Questa brasserie a conduzione familiare meravigliosamente situata sull’île Saint-Louis esiste dagli anni ’20 e l’arredamento della sala risale proprio a quell’epoca; questo le conferisce il fascino d’altri tempi di un luogo rimasto sospeso nel passato, ed è proprio ciò che mi attrae in questo tipo di locali.
La Brasserie de L’Isle Saint-Louis è gestita dal 1953 dalla famiglia Kappe ed è uno degli indirizzi più antichi di Parigi. Si incontrano molti habitué che ricordano con emozione le loro visite abituali in questo ristorante fin da quando erano solo bambini…

Seduta in questo luogo intriso della storia di Parigi, come il relitto di una città e di un’atmosfera oggi quasi scomparse, ho ascoltato avidamente le storie del quartiere e i segreti ben custoditi raccontati dalla giovane generazione della famiglia Kappe.
Se è un luogo di ristoro per gli amanti della buona cucina, la Brasserie de L’Isle Saint-Louis è anche uno spazio di scambio dal passato molto ricco.

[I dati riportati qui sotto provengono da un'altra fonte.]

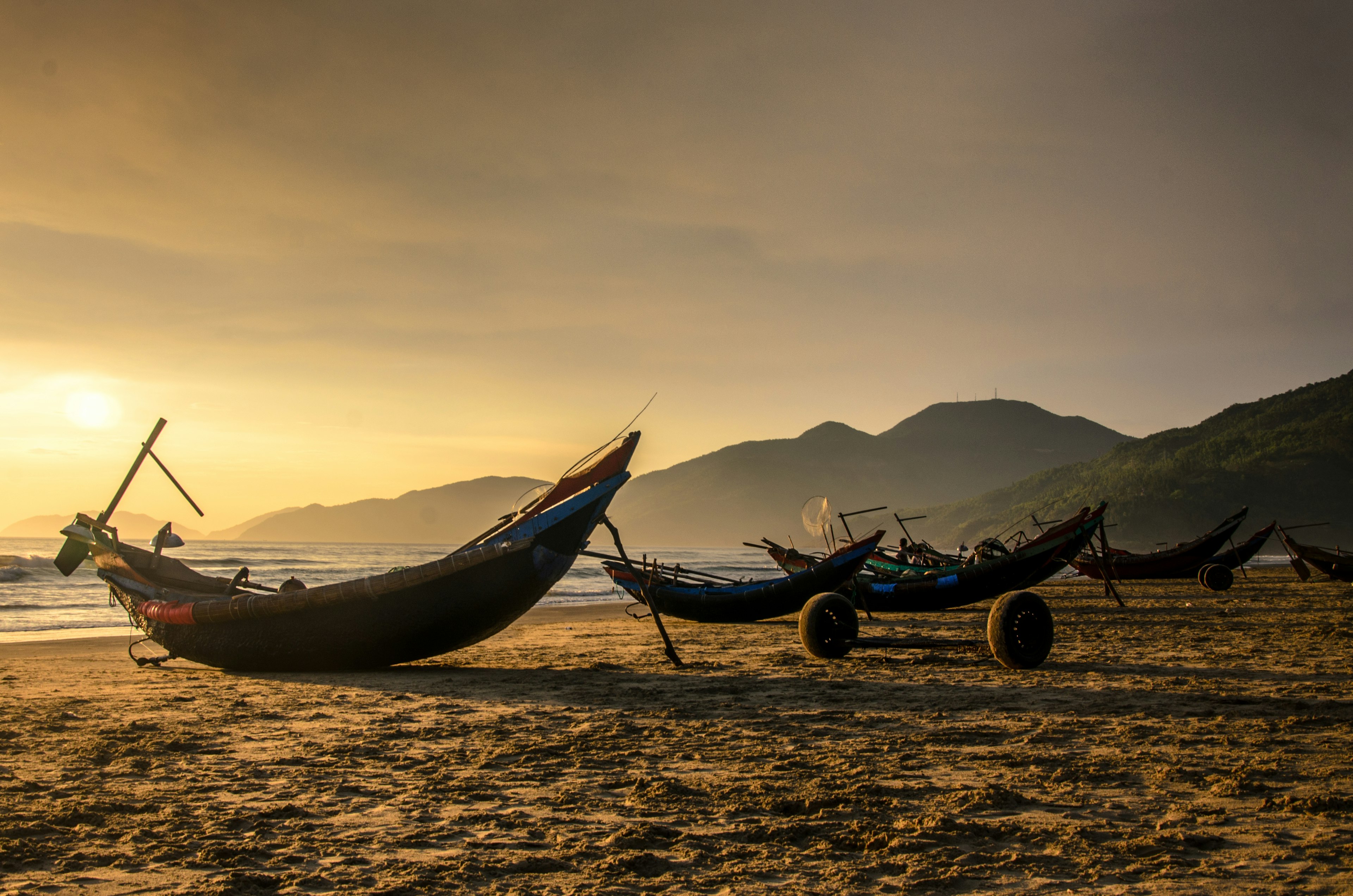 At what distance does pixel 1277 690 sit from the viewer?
27.6 ft

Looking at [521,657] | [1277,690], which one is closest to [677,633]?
[521,657]

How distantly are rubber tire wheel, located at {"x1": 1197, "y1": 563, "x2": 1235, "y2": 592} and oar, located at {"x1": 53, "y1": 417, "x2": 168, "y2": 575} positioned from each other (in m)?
31.0

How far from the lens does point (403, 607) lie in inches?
402

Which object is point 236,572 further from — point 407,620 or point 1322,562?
point 1322,562

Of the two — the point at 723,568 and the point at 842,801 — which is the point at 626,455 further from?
the point at 723,568

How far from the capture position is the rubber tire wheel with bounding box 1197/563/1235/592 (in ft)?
92.6

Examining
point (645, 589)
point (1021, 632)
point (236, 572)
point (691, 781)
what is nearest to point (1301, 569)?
point (1021, 632)

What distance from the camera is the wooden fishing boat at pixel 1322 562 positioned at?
30922mm

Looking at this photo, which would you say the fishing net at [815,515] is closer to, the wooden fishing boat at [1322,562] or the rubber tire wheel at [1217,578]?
the rubber tire wheel at [1217,578]

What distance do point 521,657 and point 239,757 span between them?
7.05 metres

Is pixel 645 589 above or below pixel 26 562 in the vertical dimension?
below

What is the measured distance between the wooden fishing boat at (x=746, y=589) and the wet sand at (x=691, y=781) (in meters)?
6.18

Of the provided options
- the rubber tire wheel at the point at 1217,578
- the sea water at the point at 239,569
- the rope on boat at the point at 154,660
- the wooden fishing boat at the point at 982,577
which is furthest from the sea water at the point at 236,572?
the rubber tire wheel at the point at 1217,578

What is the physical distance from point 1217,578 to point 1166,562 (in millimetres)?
5146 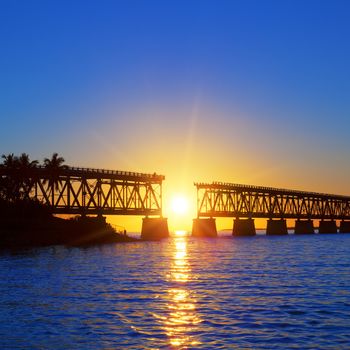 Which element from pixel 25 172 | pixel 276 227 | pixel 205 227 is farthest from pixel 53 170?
pixel 276 227

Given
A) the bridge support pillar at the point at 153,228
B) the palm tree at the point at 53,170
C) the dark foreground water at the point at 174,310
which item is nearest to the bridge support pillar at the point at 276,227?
the bridge support pillar at the point at 153,228

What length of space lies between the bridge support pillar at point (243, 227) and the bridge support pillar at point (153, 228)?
43.1m

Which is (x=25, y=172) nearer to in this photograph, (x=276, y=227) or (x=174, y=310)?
(x=174, y=310)

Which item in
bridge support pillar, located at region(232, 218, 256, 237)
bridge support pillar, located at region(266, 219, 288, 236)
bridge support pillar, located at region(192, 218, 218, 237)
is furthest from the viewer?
bridge support pillar, located at region(266, 219, 288, 236)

Alla carta troviamo una cucina tradizionale con specialità nazionali provenienti da diverse regioni francesi attraverso piatti ben realizzati con ingredienti freschi e di buona qualità. Niente surgelati qui, e si sente nel piatto.
È anche un indirizzo perfetto per le buone forchette, perché le quantità sono più che generose (la prova nelle immagini qui sotto).



Da assaggiare:
- Come antipasto, per stare leggeri (e conservare un po’ di spazio per il seguito), abbiamo optato per 6 ostriche fines de claires n°2 Marennes Oléron da condividere (18 €). Venivano presentate senza il loro succo iodato ed è la prima volta che lo vedo… Personalmente credo di preferirle con lo iodio, perché adoro berlo dopo aver mangiato l’ostrica, ma vabbè, è una questione di gusti…

- Per continuare abbiamo gustato il piatto del giorno, una faraona arrosto con funghi autunnali e cavolini di Bruxelles (26 €), una ricetta di altri tempi che si trova raramente nel menu dei ristoranti, ed è stata una delizia!

- Abbiamo voluto assaggiare anche la classica choucroute garnie della casa (22 €), con crauti cotti e fermentati alla moda alsaziana sul posto. Inoltre, è visibilmente una delle ultime choucroute ancora realizzate nelle cucine del ristorante in cui vengono servite. Il cavolo era delizioso e ho apprezzato molto la presenza di un eccellente sanguinaccio nel piatto (perché lo adoro!).

- Come dessert abbiamo condiviso il generoso Baba al rum della casa (8 €), che era il dolce del giorno. Era molto buono, ma l’ho trovato un po’ troppo imbevuto di rum per i miei gusti…

La carta dei vini: una bella selezione di vini d’Alsazia ovviamente, e quel giorno abbiamo gustato un pinot grigio d’Alsazia, la cuvée René Dopff di Dopff et Irion.
Il tocco in più: una terrazza molto piacevole che si affaccia sul Pont Saint-Louis, presa d’assalto anche in inverno!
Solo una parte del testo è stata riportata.